Scrambling Oct 16

     Scrambling in North Wales October 2016

Eight people from Bremex went to Snowdonia for a weekend of advanced scrambling on 8th and 9th October 2016. Accommodation was in the bunkhouse at Gwern Gof Isaf, with a great view from the front door of Tryfan’s rocky profile.

 

We had had hired the services of Rusty Bale, a qualified mountaineering instructor (MIC), who used to work in the mountain rescue unit of the RAF. For the weekend we divided into two groups, each having one day with Rusty and the other day practising with peers.

Apart from damp rock for the first hour or two on the Saturday morning, conditions were excellent and kept on improving during the course of the weekend, so that by the Sunday afternoon the weather was absolutely perfect, making us very reluctant to leave.

The term scrambling requires some explanation for the uninitiated. In a nutshell it means something between hill walking and rock climbing, where, as a minimum, three points of contact are needed to ascend or descend on rock. In the UK scrambles are classified as Grades 1-3. Grade 1 routes can usually be done reasonably safely without the use of a rope or other climbing equipment. On Grade 2 routes ordinary mortals (i.e. hill walkers) will probably need such equipment, but experienced rock climbers may be able to manage without it, whereas on Grade 3 routes the use of rock climbing techniques, ropes and other climbing equipment is de rigueur for everybody. The main difference between scrambling and rock climbing is that the latter tends to involve climbing pitches with clearly defined routes on continuous rock, whereas scrambling tends to form part of a mountain journey that may involve sections without rock or the need to use hands.

The weekend got off to a start when Rusty arrived at our bunkhouse at 8.30am on the Saturday. To the initial consternation of the less experienced members of our party, he pulled a bewildering array of items of climbing equipment out of his rucksack, but his introductory talk was reassuring and made sense. The main point was the need to be very clear at all times when scrambling whether or not you are using rock climbing techniques and, if you are, to make sure you use them properly, just as you would when undertaking proper rock climbing.

After the talk we split up into our two groups. The first group went with Rusty to Tryfan Bach (Little Tryfan), a steeply angled slab of rock, which is one of the premier locations in the country for people to practise both scrambling and rock climbing techniques. These were the more experienced group and they completed a Grade 3 route on Little Tryfan followed by the Grade 2/3 Bastow Buttress on the East Face of Tryfan itself.

The other group, with included your humble author, started along the heather terrace route up Tryfan, then, with the help of a guidebook, located a Grade 2- scramble known as North Buttress. Taking it slowly, and with Bremex’s chairman, Rich Tyler, leading, we managed the route without too much difficulty, emerging on the north summit of Tryfan before continuing to the summit proper. There we witnessed two people performing the hair-raising leap between Adam and Eve, the two pillars of rock that are an unmistakeable feature of this mountain.

The next day the first group managed three routes on Glyder Fawr: the direct approach to Seniors’ Ridge (Grade 2), Cneifion Arête (Grade 3) and Gribin Ridge (Grade 1). Our group, now with Rusty, walked up Cwm Idwal to reach East Ridge, a Grade 2 route leading up towards Y Garn. One person had never done any kind of rock climbing before, but thanks to Rusty’s expert instruction and reassuring manner, he not only climbed the route without any difficulty, but also learned how to tie various knots and use other rock climbing techniques.
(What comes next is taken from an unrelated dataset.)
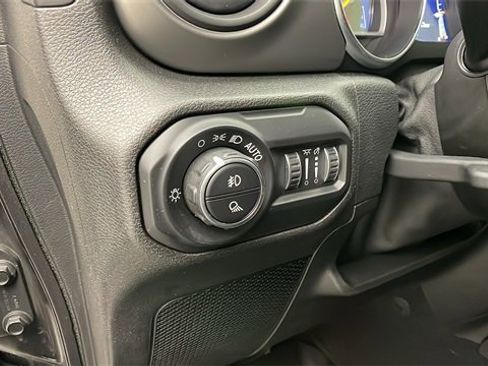 Used 2021 Jeep Gladiator Willys image 11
Another member of the group, with limited outdoor climbing experience, had a taste of leading for the first time, i.e. climbing up the rock first and putting in protection to prevent a fall, then building an anchor at the top of the route to belay other people up.

There are numerous clubs that do either hill walking or rock climbing, but it is rare that the twain meet. In my experience Bremex is one of the few clubs that crosses the boundary between these two activities. The experience of this weekend is likely to encourage us to do a lot more of this sort of thing. We thought Rusty was a brilliant instructor, not only in terms of his technical skills, but also in the way he struck just the right balance to provide an instructive and enjoyable experience, so we will no doubt be using his services again in future.